* **PROBLEM**
Return exactly the lines of the records below, starting at the line that contains "Used 2026 Black" and ending at the line that contains "Lounge or bar", with both of those lines kept.

* **MATERIAL SHOWN**
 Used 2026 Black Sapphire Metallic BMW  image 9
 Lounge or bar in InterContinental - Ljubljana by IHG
--
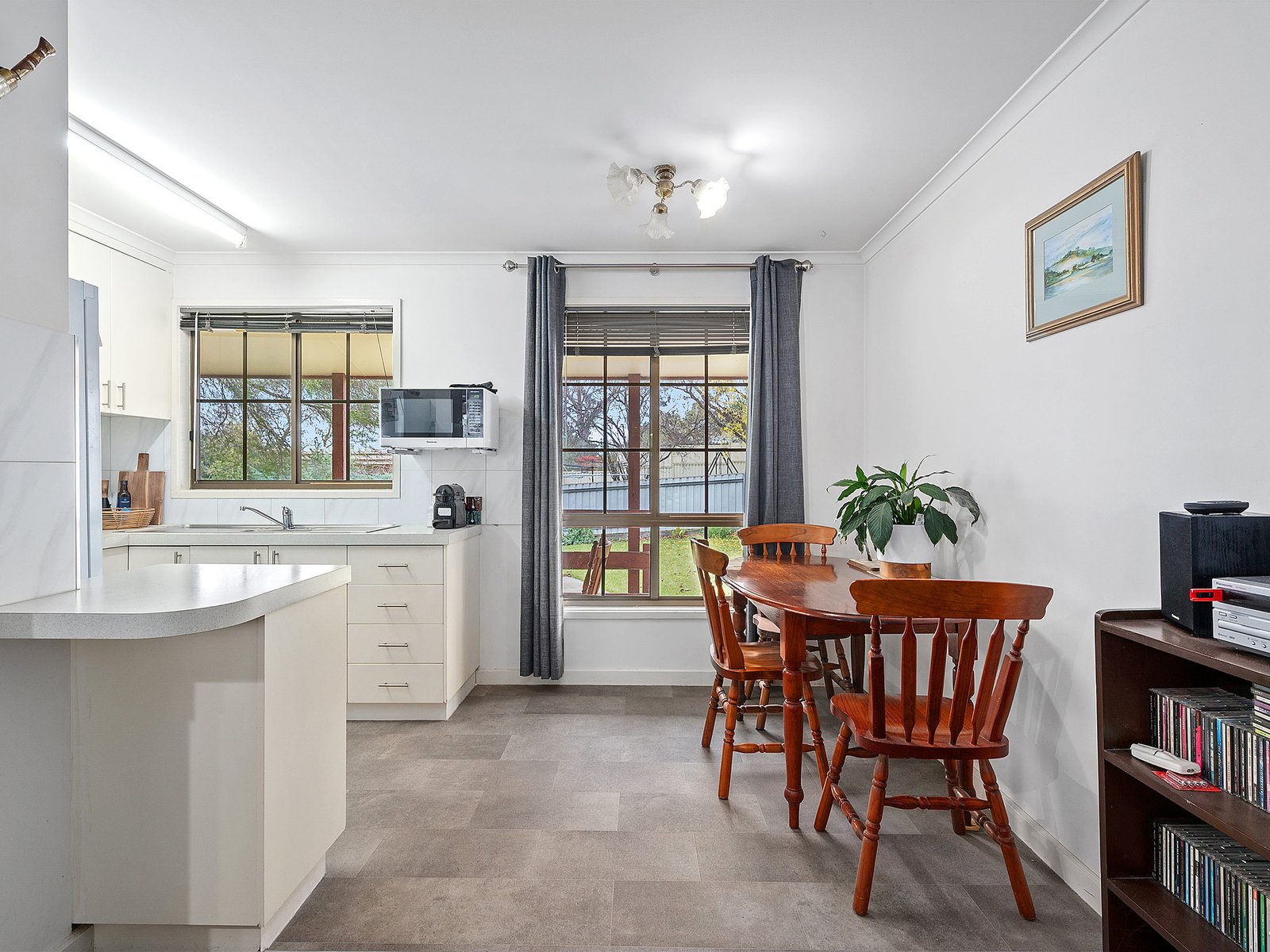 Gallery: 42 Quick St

* **RESPONSE AREA**
 Used 2026 Black Sapphire Metallic BMW  image 9
 Lounge or bar in InterContinental - Ljubljana by IHG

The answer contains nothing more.